From the records below, extract all the text exactly and leave the images behind.

RECORDS TO USE:
===============
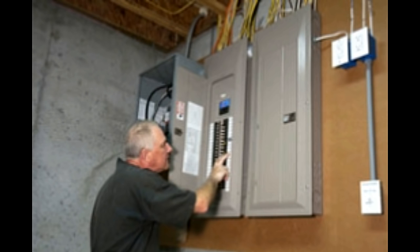A circuit breaker that doesn't reset is one of the common concerns at homes. It's important to know how circuit breakers work before you set out to find a solution to your problem, such as how to fix circuit breakers that won't reset, won't change, or are not functioning.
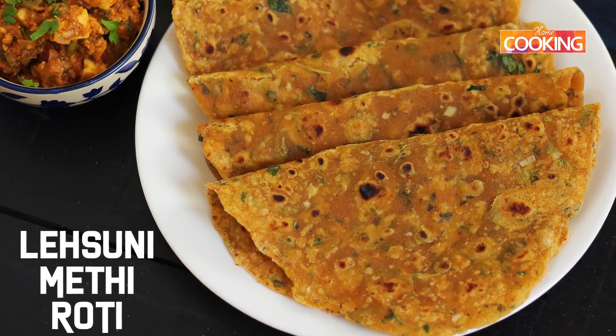You can enjoy this lasooni methi roti with some raita and pickle, or with any gravy of your choice. If you liked the video, subscribe to my YouTube channel and share with your family and friends. You can get a copy of our first edition of the Home Cooking book on Amazon and 21 Screens.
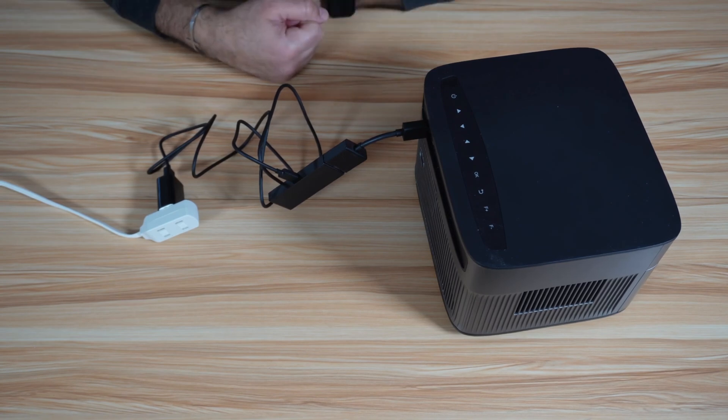Let me show you now how to set it up. I'll be turning on the Fire Stick for the first time — give it a minute to boot up. And here it is booting.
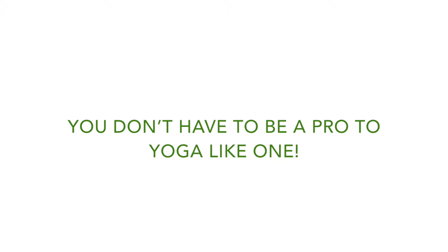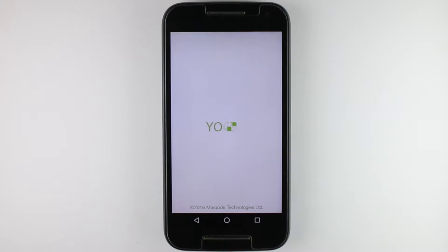You don't have to be a pro to yoga like one. Practicing yoga or just planning to do so? Yoga Plus app is a great solution for both beginners and advanced practitioners.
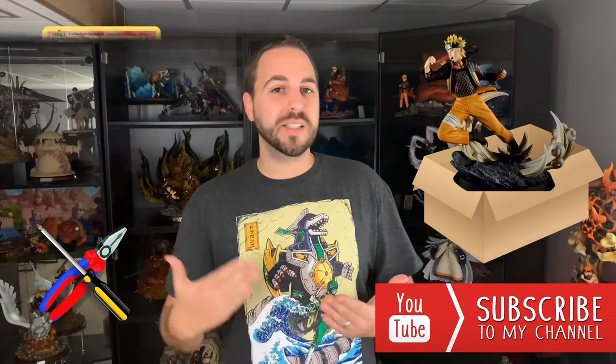Before the resource breakdown, let's talk about you. Have you subscribed to the channel? Are you enjoying content focusing on display case enhancements, statue unboxings, and Pokemon cards? I love unboxing statues for Naruto, Pokemon, Fullmetal Alchemist — even some Overwatch statues coming. Hit that subscribe button, like, share, and comment. Let me know what you think of this series and reach out on social media.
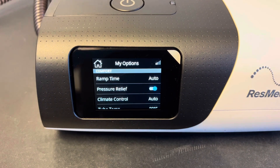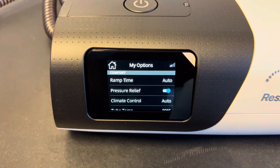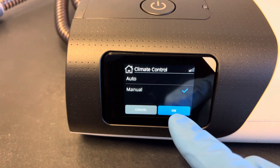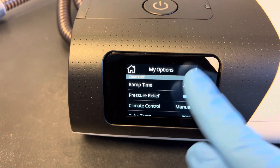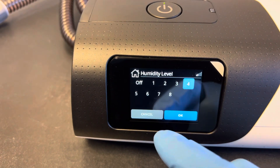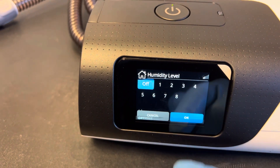That's plugged in now — it says climate line connected. Here you see climate control, so you have to click on climate control, click manual, hit OK, then swipe up and there's humidity level again. Click on that, switch it off, and press OK, and that will turn off the heat plate that's inside the machine.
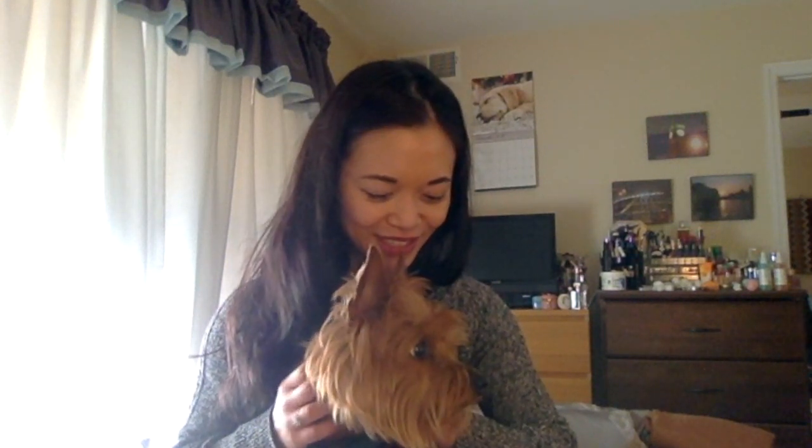Hi YouTube, welcome to my channel. This is Mochi, he wanted to join me today. Anyway, welcome to my channel — I hope you're all having a great day. Today I wanted to do a review on my experience getting a Chanel wallet on a chain repaired by Leather Surgeons.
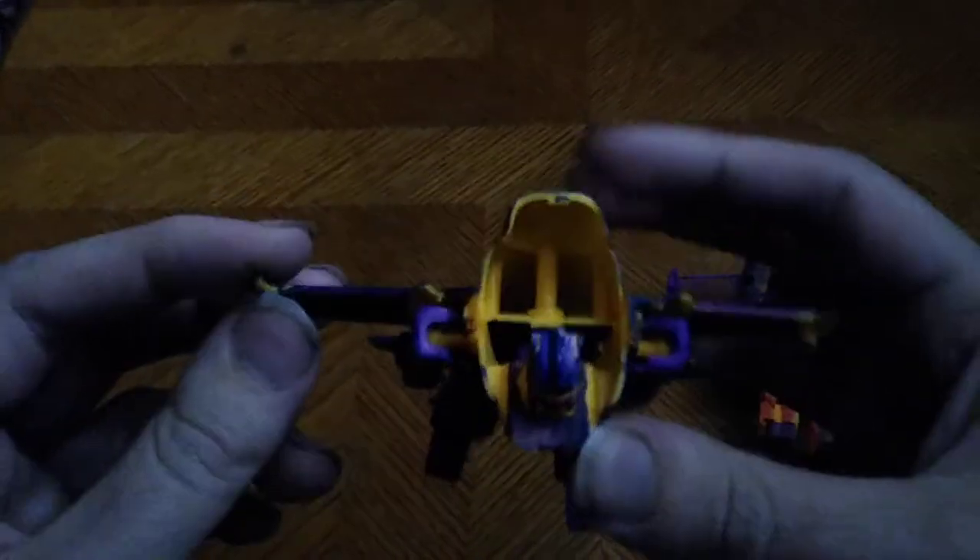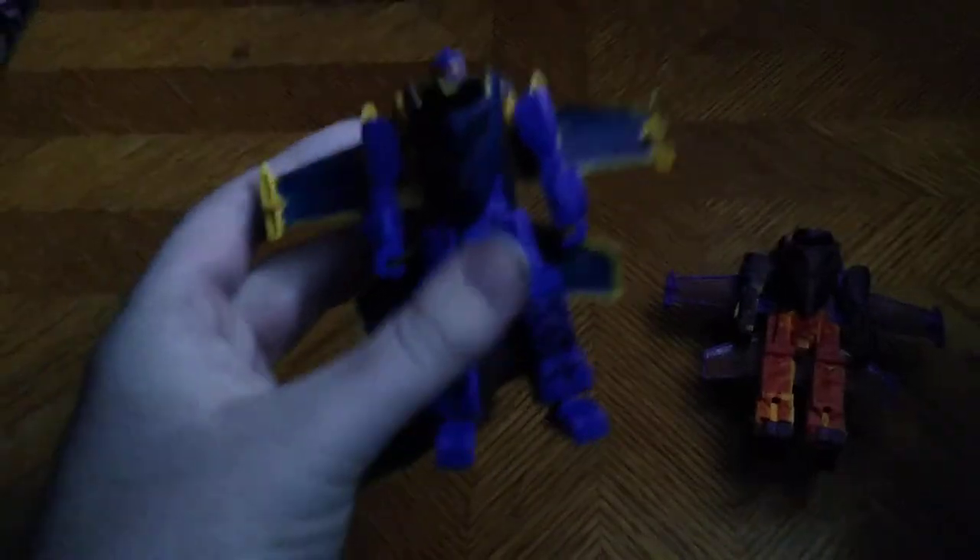And I think this turned out pretty good. You don't even notice much of the purple anymore, but now he is totally Dreadwing. There is still some yellow, because this is a Dollar Tree knockoff figure. I couldn't get all the yellow, but I painted it all blue. So here is my custom Dreadwing.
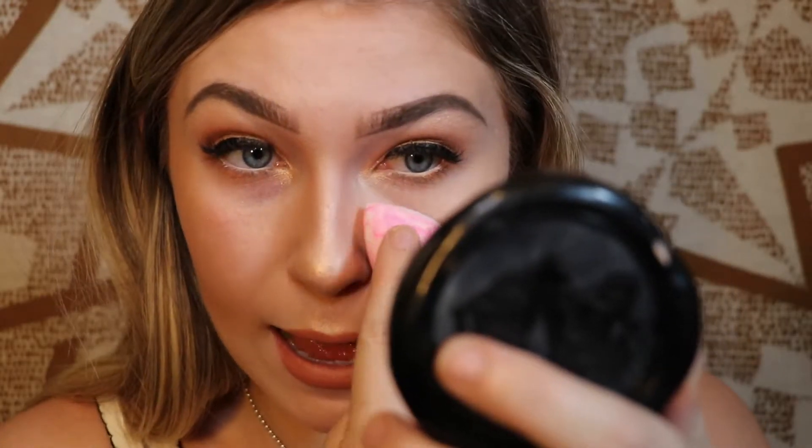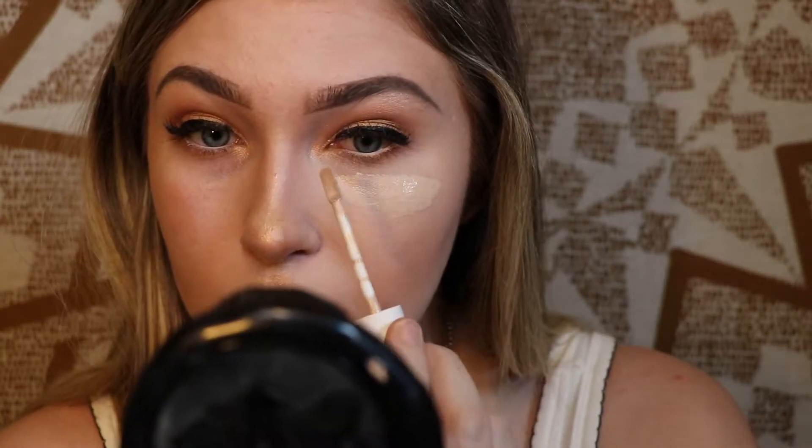It's definitely a good concealer, especially for the price. This is definitely a lot of coverage so far — it's blended very nicely. However, I can still see a bit of my bag; it's not like the Tarte Shape Tape where it absolutely erases everything. So I'm going to go in with a second layer. I'm always interested to see how products layer — sometimes layering strips off the layer underneath. You definitely need a second layer.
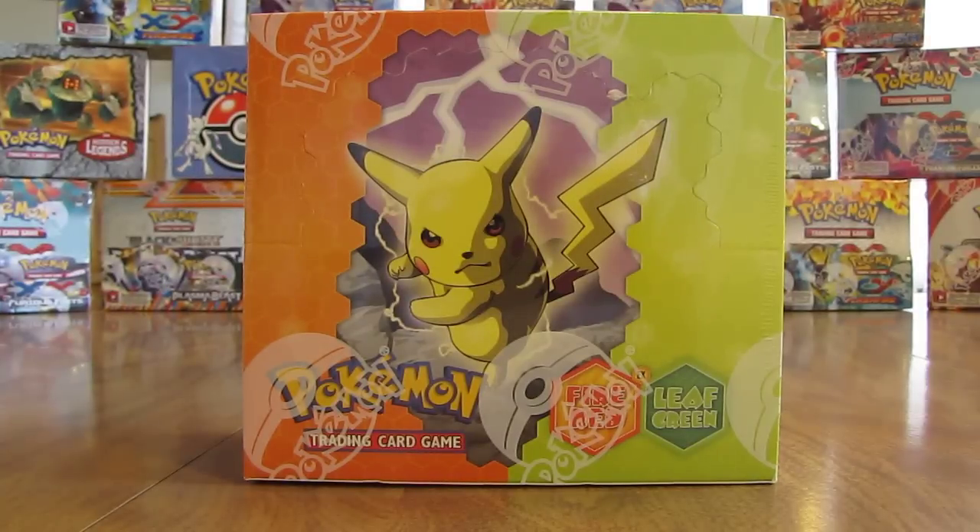Hey YouTube, this is Primetime Pokemon. In this video, I'll be opening up an EX Fire Red and Leaf Green Booster Box. This booster box opening is part of my 17 Booster Box opening series I'm currently doing on YouTube. You'll find a link to that playlist in the description. This EX Fire Red and Leaf Green Booster Box I picked up off eBay and it was $500.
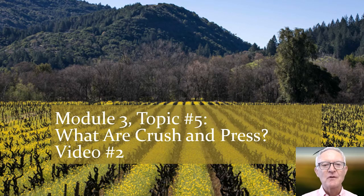Hi everyone, Kevin here. We're back with video number two. This is Module 3, Topic 5. We're talking about crushing and pressing, and let's get going.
===============
THE COMPLETED TASK:
A circuit breaker that doesn't reset is one of the common concerns at homes. It's important to know how circuit breakers work before you set out to find a solution to your problem, such as how to fix circuit breakers that won't reset, won't change, or are not functioning.
You can enjoy this lasooni methi roti with some raita and pickle, or with any gravy of your choice. If you liked the video, subscribe to my YouTube channel and share with your family and friends. You can get a copy of our first edition of the Home Cooking book on Amazon and 21 Screens.
Let me show you now how to set it up. I'll be turning on the Fire Stick for the first time — give it a minute to boot up. And here it is booting.
You don't have to be a pro to yoga like one. Practicing yoga or just planning to do so? Yoga Plus app is a great solution for both beginners and advanced practitioners.
Before the resource breakdown, let's talk about you. Have you subscribed to the channel? Are you enjoying content focusing on display case enhancements, statue unboxings, and Pokemon cards? I love unboxing statues for Naruto, Pokemon, Fullmetal Alchemist — even some Overwatch statues coming. Hit that subscribe button, like, share, and comment. Let me know what you think of this series and reach out on social media.
That's plugged in now — it says climate line connected. Here you see climate control, so you have to click on climate control, click manual, hit OK, then swipe up and there's humidity level again. Click on that, switch it off, and press OK, and that will turn off the heat plate that's inside the machine.
Hi YouTube, welcome to my channel. This is Mochi, he wanted to join me today. Anyway, welcome to my channel — I hope you're all having a great day. Today I wanted to do a review on my experience getting a Chanel wallet on a chain repaired by Leather Surgeons.
And I think this turned out pretty good. You don't even notice much of the purple anymore, but now he is totally Dreadwing. There is still some yellow, because this is a Dollar Tree knockoff figure. I couldn't get all the yellow, but I painted it all blue. So here is my custom Dreadwing.
It's definitely a good concealer, especially for the price. This is definitely a lot of coverage so far — it's blended very nicely. However, I can still see a bit of my bag; it's not like the Tarte Shape Tape where it absolutely erases everything. So I'm going to go in with a second layer. I'm always interested to see how products layer — sometimes layering strips off the layer underneath. You definitely need a second layer.
Hey YouTube, this is Primetime Pokemon. In this video, I'll be opening up an EX Fire Red and Leaf Green Booster Box. This booster box opening is part of my 17 Booster Box opening series I'm currently doing on YouTube. You'll find a link to that playlist in the description. This EX Fire Red and Leaf Green Booster Box I picked up off eBay and it was $500.
Hi everyone, Kevin here. We're back with video number two. This is Module 3, Topic 5. We're talking about crushing and pressing, and let's get going.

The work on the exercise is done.